Beef and ale stew is the most traditional of slow-cooked British classics, and is a corker of a one-pot winter warmer. Add the beef in batches, frying for a few seconds on all sides, or until browned all over. Remove from the casserole using a slotted spoon and set aside in a bowl. Topside of Beef, Ale and Root Vegetable Stew.

Steps to make Brown ale beef stew:
  1. Cut the beef into 2 cm chunks and trim any excess fat and silverskin. Do not throw away the trimmings. Season the beef with salt and pepper, then toss with the flour until coated.
  2. Add the trimmings to a large pot on medium-high heat. Let the fat render off, then discard the trimmings. Add the beef to the pot and sear for 3 to 5 minutes until evenly browned. Remove the beef to a plate.
  3. Add the carrots, celery, mushrooms, and onion to the pot and let cook about 5 minutes, stirring occasionally. Add the garlic and cook another 2 minutes. Pour in the ale and scrape the bottom of the pot with a wooden spoon. Let simmer for 5 minutes.
  4. Return the beef and any juices to the pot. Add the thyme sprigs, stock, Worcestershire sauce, a good pinch of salt and several grinds of freshly cracked black pepper. Bring to a simmer. Turn the heat down to low and cover. Let cook for 1 1/2 hours.
  5. Fish out the thyme sprigs and add the potatoes. Simmer uncovered for 1 hour or until the beef and potatoes are tender. Add extra salt and pepper to taste. Serve with a small sprinkle of fresh thyme.

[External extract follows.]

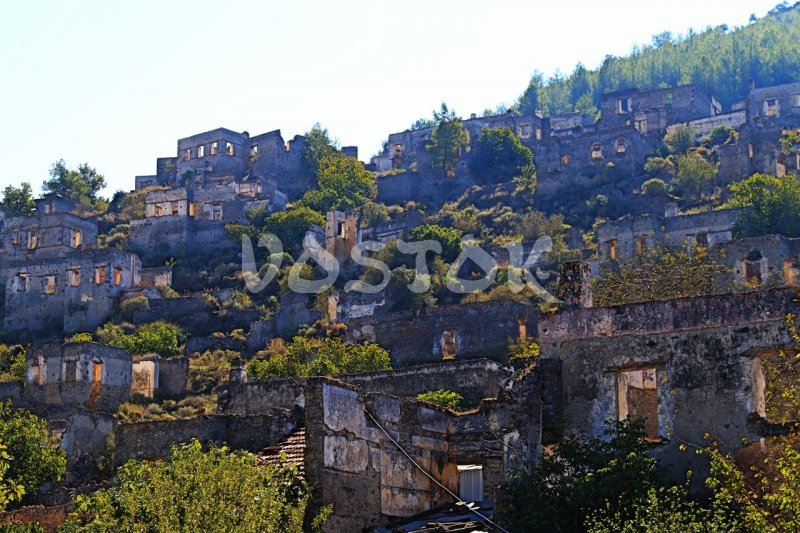 Sometimes Kayakoy Ghost Town looks really scary - Fethiye Market - Kayakoy Ghost Town tour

Remove from the casserole using a slotted spoon and set aside in a bowl. Topside of Beef, Ale and Root Vegetable Stew. The topside of beef is a very lean cut of meat. It is for this reason that the beef is firstly floured and then browned in melted butter, as it does not have the necessary fat content to brown in its own juices. Top brown-gravy-beef-stew recipes just for you.

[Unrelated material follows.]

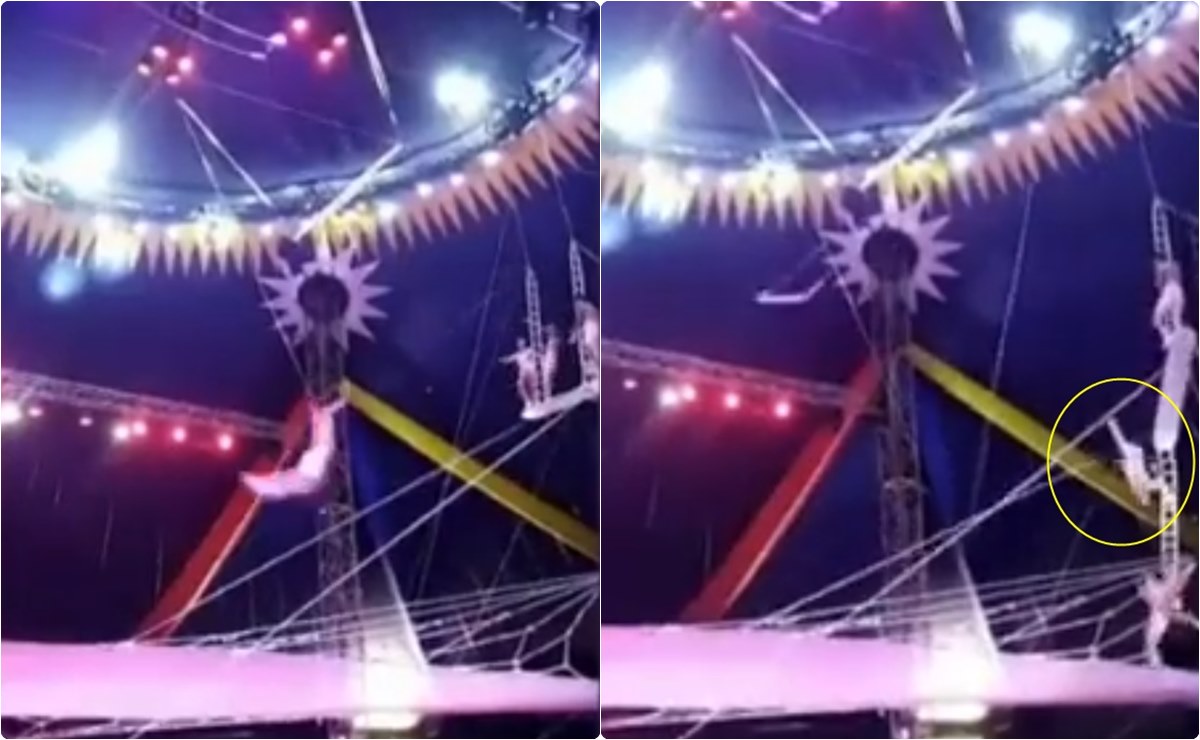 VIDEO: Trapecista chileno cae al vacío al colapsar plataforma en circo de China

So that’s going to wrap this up for this exceptional food brown ale beef stew recipe. Thank you very much for reading. I am confident you will make this at home. There’s gonna be more interesting food at home recipes coming up. Don’t forget to bookmark this page in your browser, and share it to your family, friends and colleague. Thank you for reading. Go on get cooking!